Some operators, still wanting to offer delivery and staffing solutions to their customers, have turned to outsourcing the services.
Delivery is part of the program at both Byerly's and Dorothy Lane Markets, Dayton, Ohio, for example, but the two operators meet the equipment and staffing needs for their catering customers by using outside parties.
"We have done meals for over 1,000," said Long of Byerly's. "We do deliver, using our Party Line refrigerated vans. And our service staff can hook customers up with referrals to equipment rentals and staffing specialists."
Dorothy Lane Markets, meanwhile, uses a local supplier of rentals and staff, and marks up the charges for these services.
"Its easy and profitable," said Abby Fox, director of catering operations for the independent retailer. Fox added that her catering customers are made aware that Dorothy Lane Markets is using outside vendors for these services.
But if full-service is not a good fit, retailers agreed that one-stop catering is still possible at the supermarket. The deli executives said that by bringing the customer physically into the store, they are able to take full advantage of the expertise and specialty products offered by other departments.
Culinary specialists staff Byerly's units to help customers plan parties and menus -- and they also help coordinate their customers' needs storewide with departments such as Byerly's Chef Market meats, the cafe and paper goods.

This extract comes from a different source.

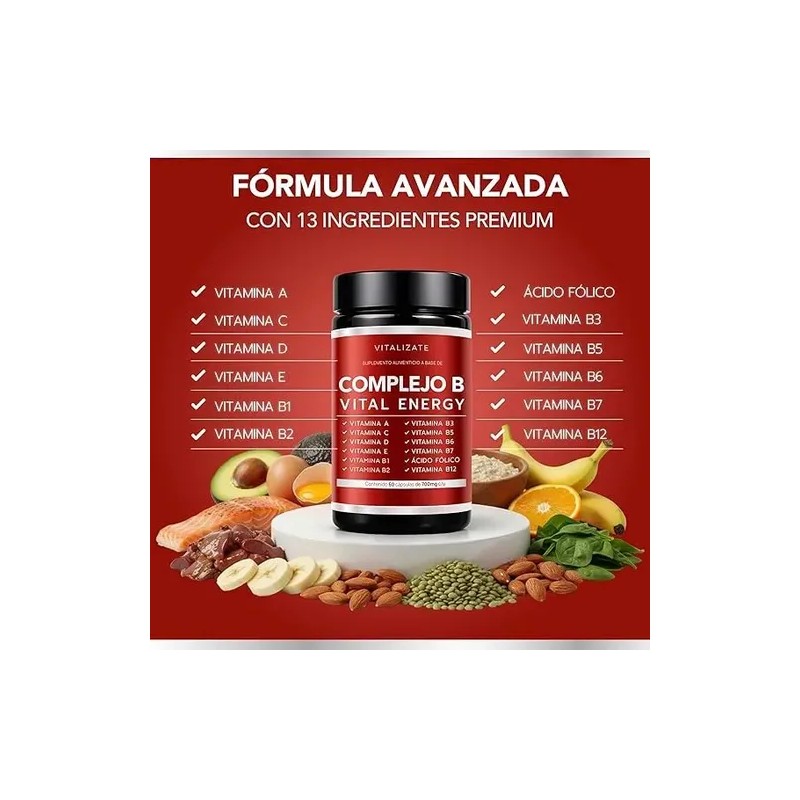 Complejo B Completo Vitalizate Vitamina B12 60 Cápsulas Sin Sabor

Inserra ShopRite also uses a holistic approach. "We try not to treat each department as an island, but each department of the store as one," said Hirt. "Our customers work with the appetizing-department manager to place their order across all departments, whether it is meat, seafood, appetizing, bakery or paper goods."
The message at Harris Teeter, Charlotte, N.C., is that catering is a one-stop experience, according to Ruth Kinzey, director of communications. "No matter what department the item comes from, be it the deli for a party tray or a signature salad, the meat or seafood department for a ready-to-grill, center-of-the-plate item, or even beverages and classic paper goods, it is all part of our customer's experience," she said.
A retailer's given style of operation in prepared foods also bears on how it approaches catering. Those with central kitchens and chefs on duty may be more fully equipped to provide broader catering services than those operators using vendor-supplied prepared foods.
"Because of our kitchen, we may have an advantage over those who outsource product," said Kober of Clemens Markets.
"The facility is open and we certainly have prepared-food capabilities." Clemens also takes advantage of its existing Shop For You delivery service to deliver catering orders, he said.
The deli executive at the upper Midwestern chain said he also runs catering out of the central kitchen, which is staffed with chefs. Orders can be delivered in the chain's vans. Because of its central kitchen's food expertise, including strict HACCP systems, the chain has also extended its services to include staffing at events.